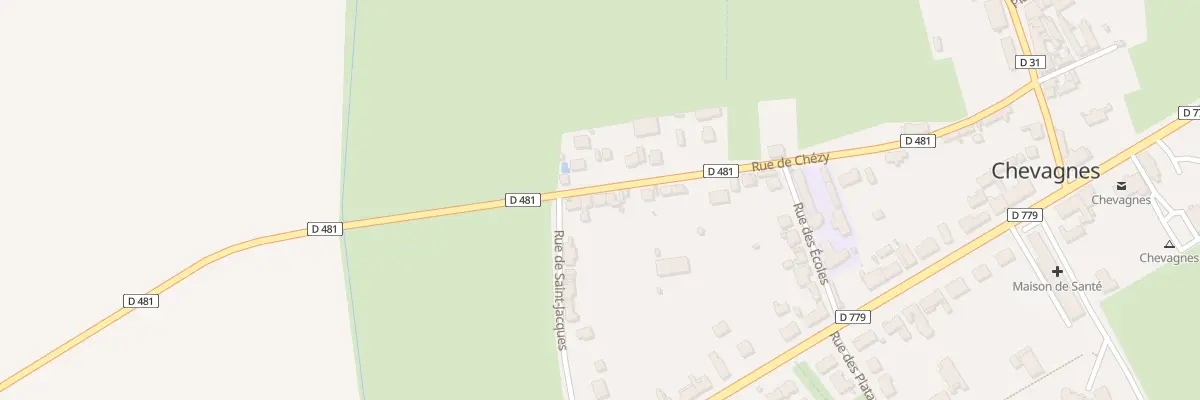Plan du 27 Rue de Chézy à Chevagnes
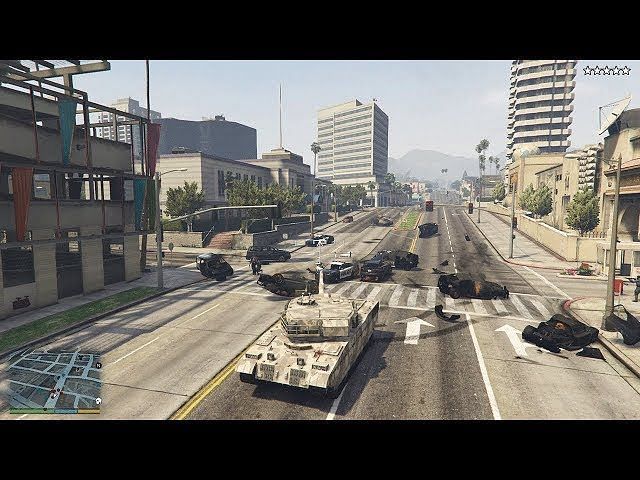 How to get 5 stars in GTA 5 without getting caught?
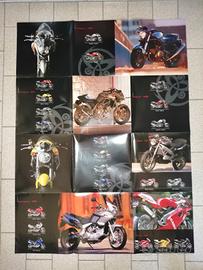 Poster moto cagiva 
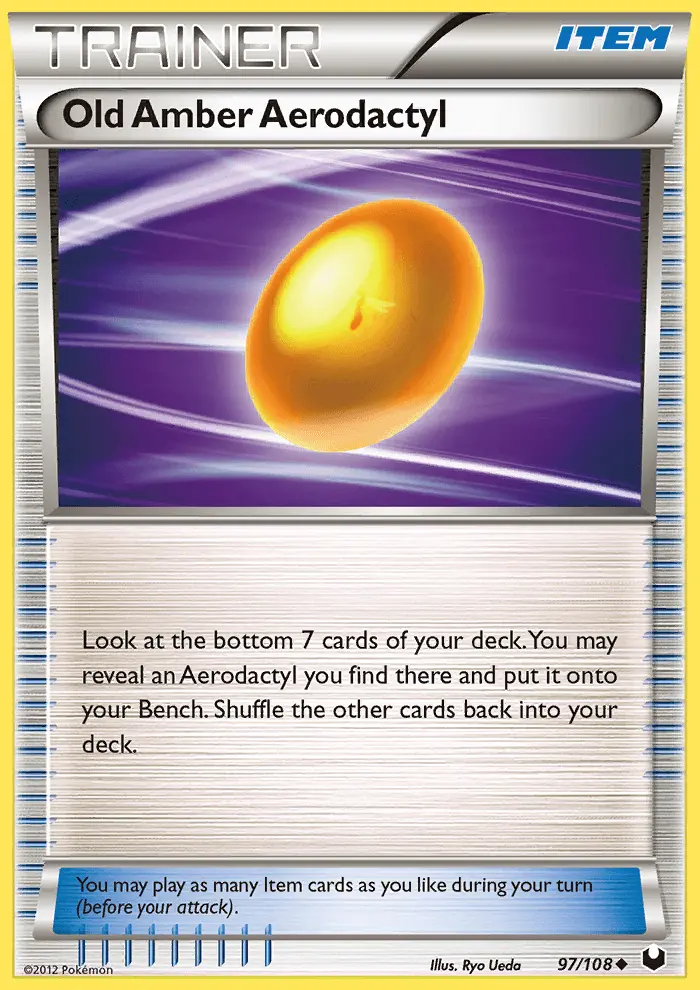 Image of the card Old Amber Aerodactyl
──────
■ **Aim of the task**:
With the pictures excluded, restate the material exactly as it stands.

■ **Your solution**:
Plan du 27 Rue de Chézy à Chevagnes
 How to get 5 stars in GTA 5 without getting caught?
 Poster moto cagiva 
 Image of the card Old Amber Aerodactyl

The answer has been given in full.